English has been my language for quite some time. I tend to be in places where it, or some variant, is what everyone is using. The longest time I have spent outside of the USA was during my father’s Australian sabbatical when I was in eighth grade. My Midwestern/Southern ear failed on only a few occasions. It was several months before we realized that the little guy next door, who we and his family called Tiny, was actually christened “Tony.” Similarly, a trip to Ireland was made all that much easier because knowing how to translate in order to ask for the toilet or a beer was not a necessary prelude to using or abusing either one. For the most part, my travels have not been impinged upon by language differences.

The two-week China adoption trek (already five years ago!) was so tightly managed that I never even contemplated trying to acquire any Mandarin. In my role as support staff (aka "the Manny") I would only ever be on the receiving end of messages.
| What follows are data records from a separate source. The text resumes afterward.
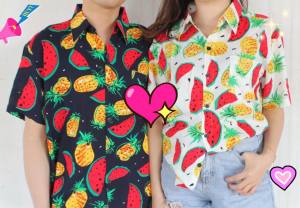 พร้อมส่ง เสื้อสงกรานต์ เสื้อฮาวาย เสื้อ  เสื้อเชิ๊ตคอปกแขนสั้น เสื้อลายดอก - ลายแตงโมสับปะรด เป็นผ้าสปัน นุ่มสบาย ผ้าพิมส์ลายสีสันสดใส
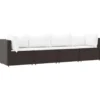 vidaXL - Loungeset - Bruin - Poly rattan - 4 stuks - Met kussens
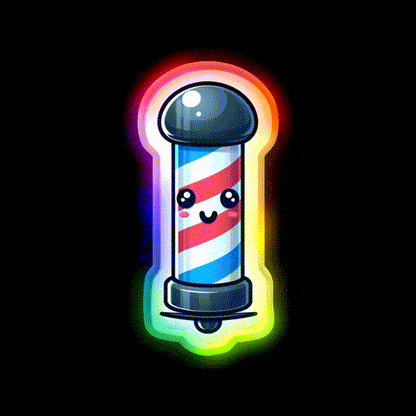 Cute Barbers Pole Barber Shop Haircut Led Neon Sign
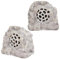 Alpine Corporation QLP542SLR-BG-2 Solar Outdoor Bluetooth 5.0 Rock Speaker Set of 2 Pair, 11 Tall, Beige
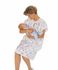 Exam Gown, <b>Color: Springtime Floral Print, One Size Fits Most,  Waist Tie</b> without Cuff, Short Sleeves, Nonsterile, Reusable, Adult, sold as Each by Fashion Seal Uniforms<br><br><font color="red"><b>BACK TO THE PRODUCT TABLE, <a href="http://www.aaawholesalecompany.com/apparel-gowns-exam-gown.html">CLICK HERE</b></font></a>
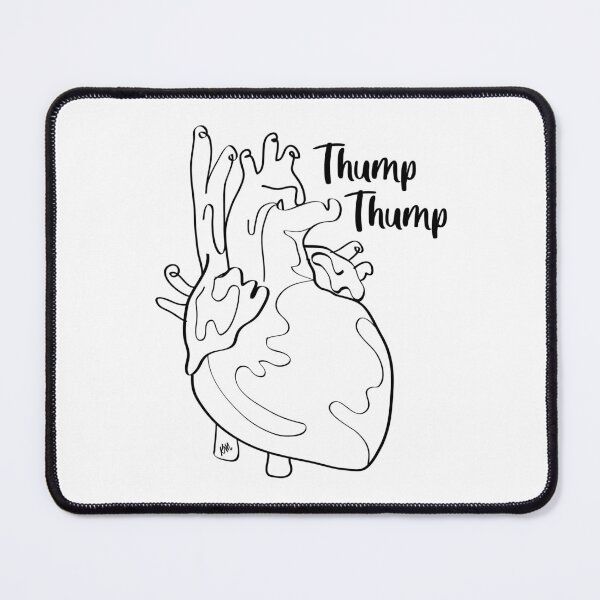 Item preview, Thump Thump Black Lines | Abstract Heart | Fun Anatomy designed and sold by Karli Mogen.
It was clearly brazen when I traveled to Colombia with nary a sentence nor even a phrase book. We were confident our host and hostess would translate anytime it was necessary. The flaw in this plan revealed itself when our flight departing from Colombia was cancelled. Nothing like being frustrated and anxious AND mute. My upcoming trip to France promises to offer some linguistic challenges since Lyon is best known for its gastronomy and the associated displeasure with those who attempt to speak only in English.


Beyond plans to tote a French phrase book, I bought an introductory language CD that contains eight, thirty minute lessons. I had to re-listen to Lesson 1 four times before I could follow the introductory conversation. In general, I can mimic phrases with close to the right intonation. However, the stereotype of the nasally Frenchman struck me as far too comical for me to authentically copy. In Spanish while the r’s are rolled, in French there is a preponderance of throat-clearing. My goal was to produce sensible words in a French restaurant, not a sample of slime from far back in my mouth. So I was conflicted: how to sound French without making myself laugh at my own voice.

Having mastered the exchange in Lesson 1, I girded myself for Lesson 2. It turned out to be basically a review and only introduced a couple extra word variations. This was a great distraction since at the time I was driving on an essentially deserted stretch of interstate. I was bored, it was blazing hot outside, and there was no shame in talking to my digitized tutor. In trying to speak loud enough to hear myself over the air conditioner fan, I began to find my voice. Simultaneously, I was realizing there was not a lot of French I was going to master over the next month. The combination of my loud voice and the recognition that I wasn’t on pace to become conversant turned into an increasingly pitiful call-and-response:
CD: Say: “I don’t understand.”
Me: Je ne comprends pas. Je ne comprends pas!
CD: Say: “I don’t understand French.”
Me: Je ne comprends pas le français. Je ne comprends pas le français! Je ne comprends pas le français!
As the volume grew, I was startled by the urgency in my voice. What might have been amusing in my pronunciation was overwhelmed by the earnestness. I believe you would have felt badly for me even if you could not understand my words. The meaning was clear and I felt it to my core. I imagined being at the train station ticket counter, money and schedule in hand, unable to make a purchase to get from Paris to Lyon. I continued repeating the phrase, beating my fist and becoming louder and more plaintive. I envisioned myself rising from my table at a nice bistro, first addressing the waiter and then appealing to the other patrons to take pity on me. Hungry, thirsty, tired, far from home: I don’t understand French!